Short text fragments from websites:
· · · · ·
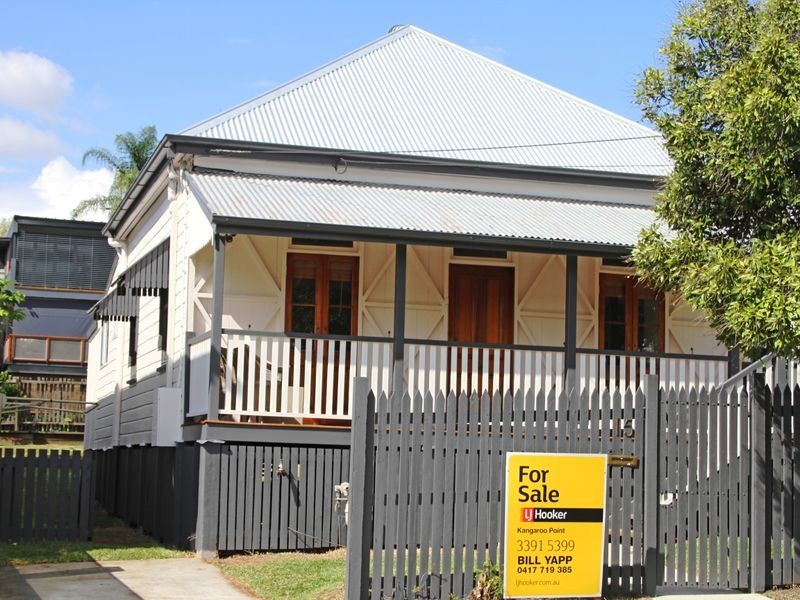 15 Stafford Street, East Brisbane QLD 4169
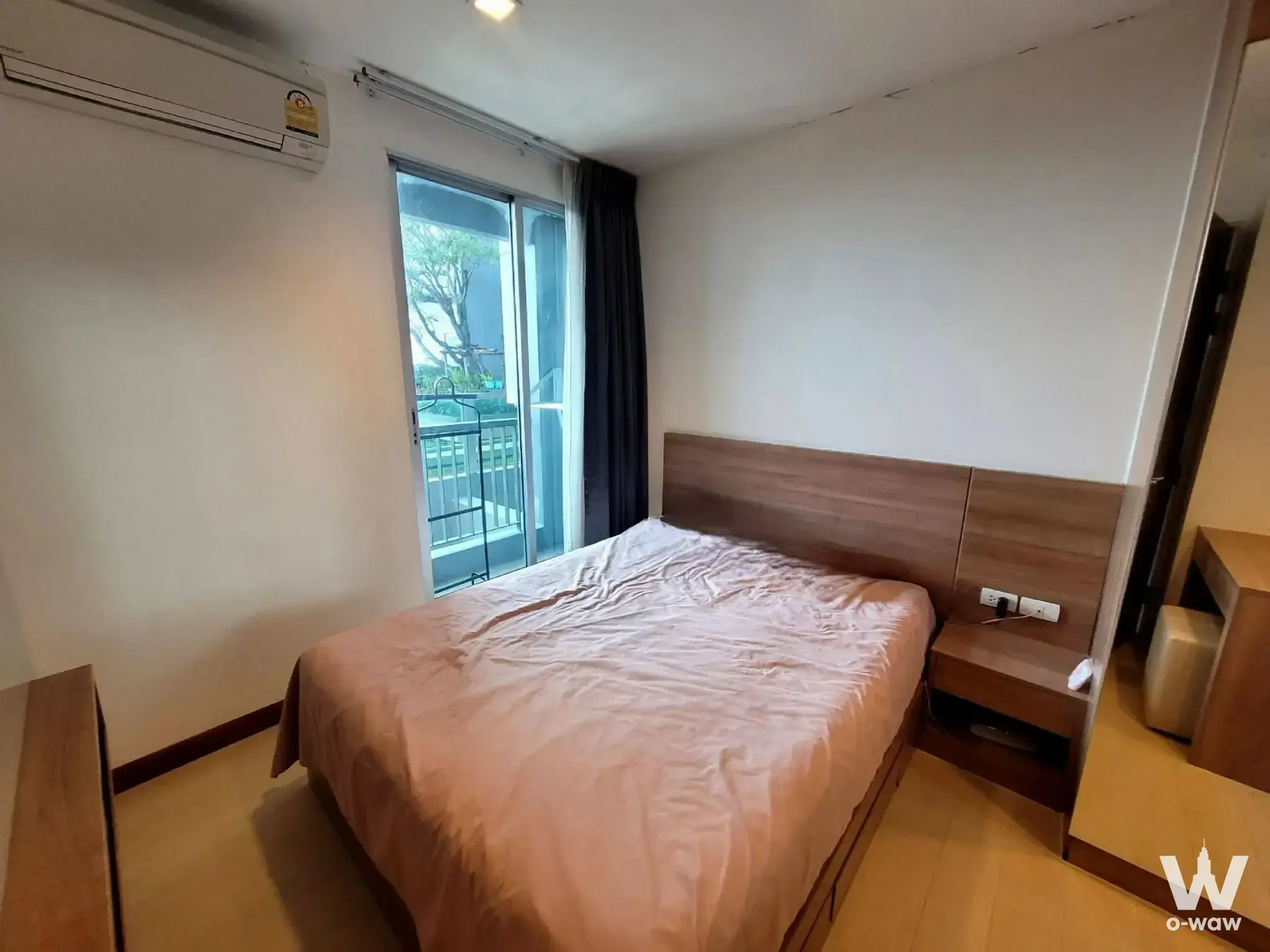 Condo with 1 bedroom for rent at RHYTHM Phahon-Ari — photo 2 of 5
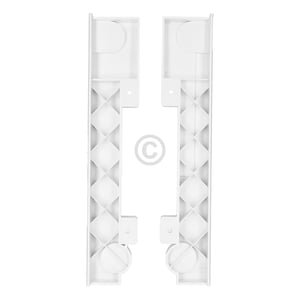 Stapelsystem für Waschmaschine Candy Hoover 35602394 Slim-Geräte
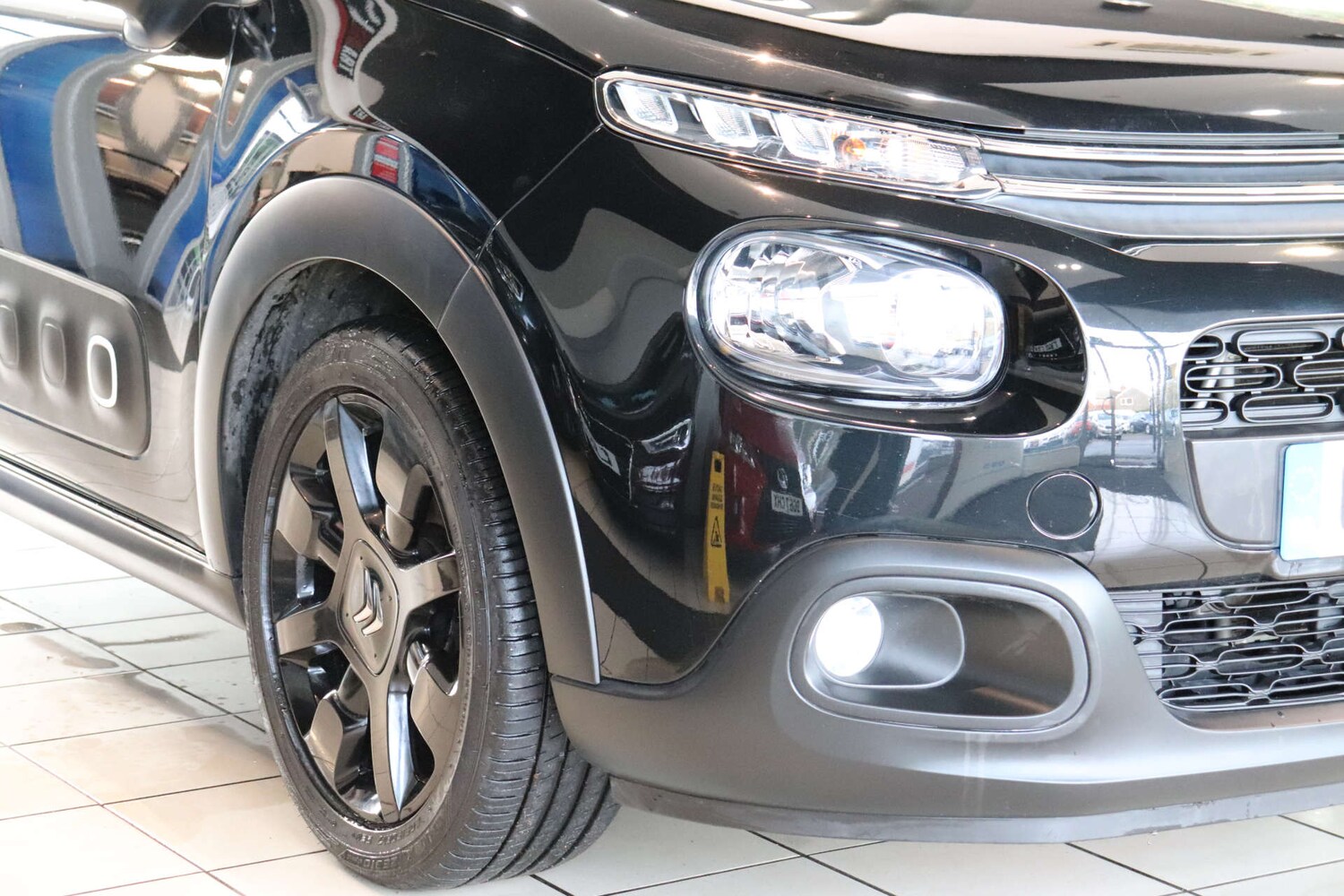 Used Citroen C3 2019 for sale - 78078344: Photo 61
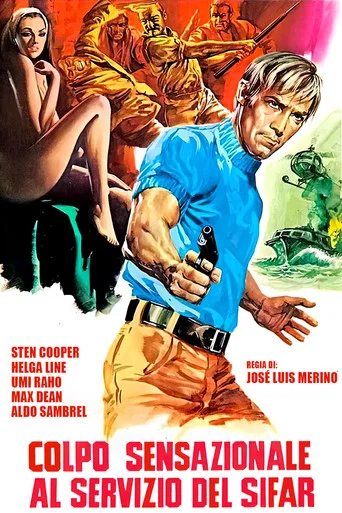 S.I.D. contra Kocesky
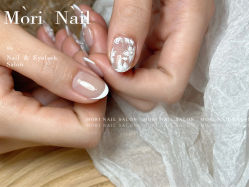 -森日式美甲沙龙MORI NAIL总店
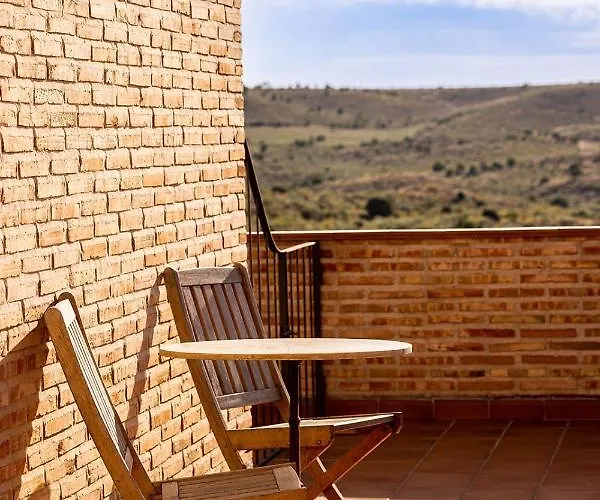 Cigarral Del Pintor *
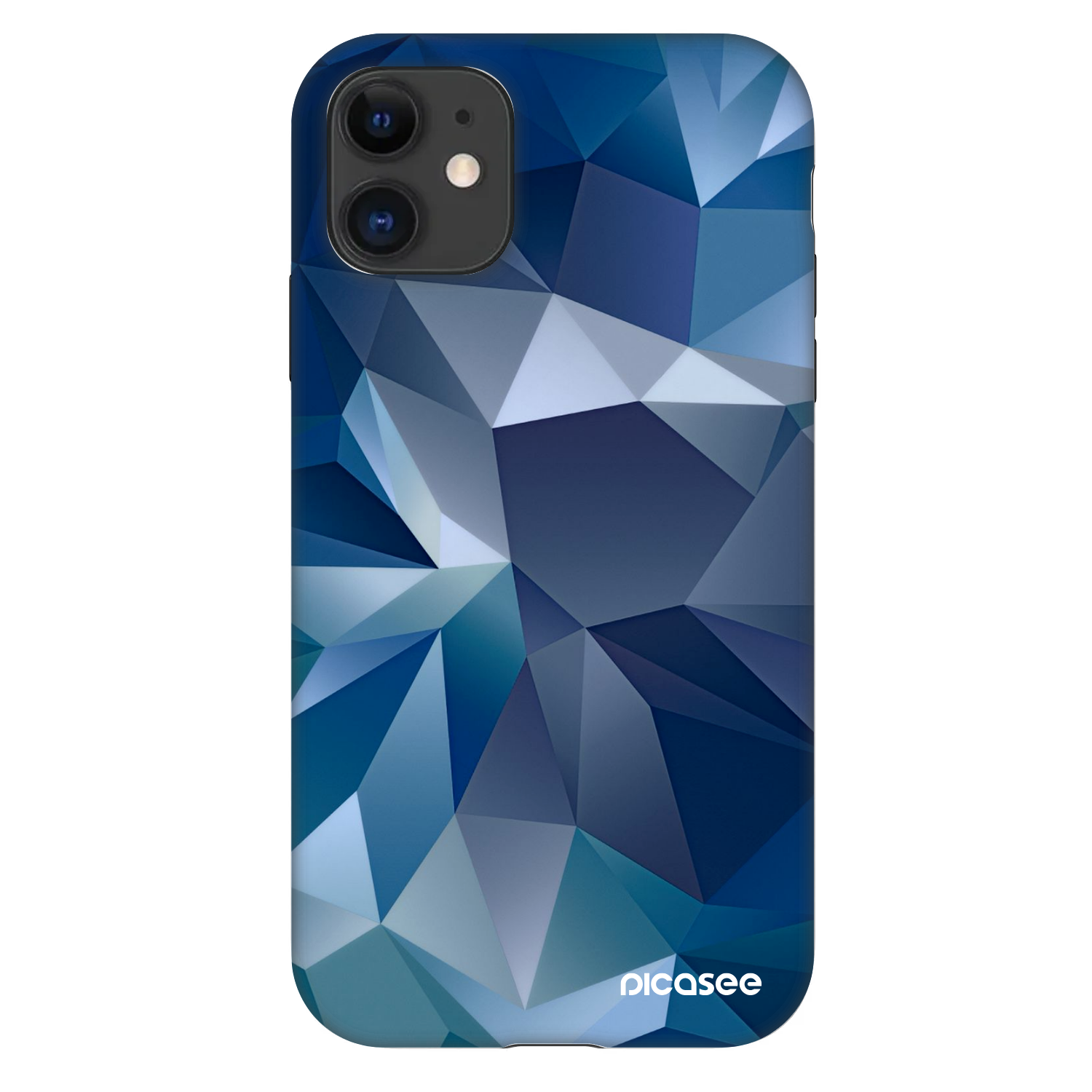 Picasee Fashion Case Apple iPhone 11 - Wallpaper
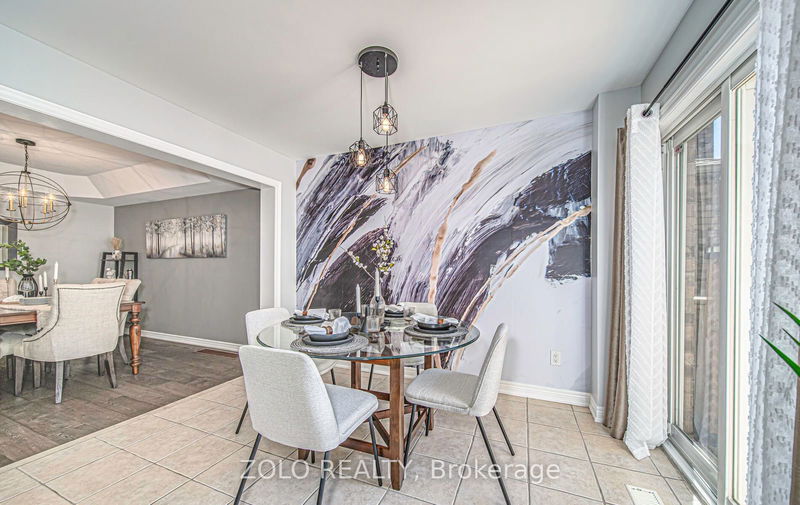 20 Whitefoot Cres  Ajax, L1Z 2E1 | Image 10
· · · · ·
* **What is expected**
All of the entries need to be retyped word for word, pictures excluded.

* **Exercise solution**
 15 Stafford Street, East Brisbane QLD 4169
 Condo with 1 bedroom for rent at RHYTHM Phahon-Ari — photo 2 of 5
 Stapelsystem für Waschmaschine Candy Hoover 35602394 Slim-Geräte
 Used Citroen C3 2019 for sale - 78078344: Photo 61
 S.I.D. contra Kocesky
 -森日式美甲沙龙MORI NAIL总店
 Cigarral Del Pintor *
 Picasee Fashion Case Apple iPhone 11 - Wallpaper
 20 Whitefoot Cres  Ajax, L1Z 2E1 | Image 10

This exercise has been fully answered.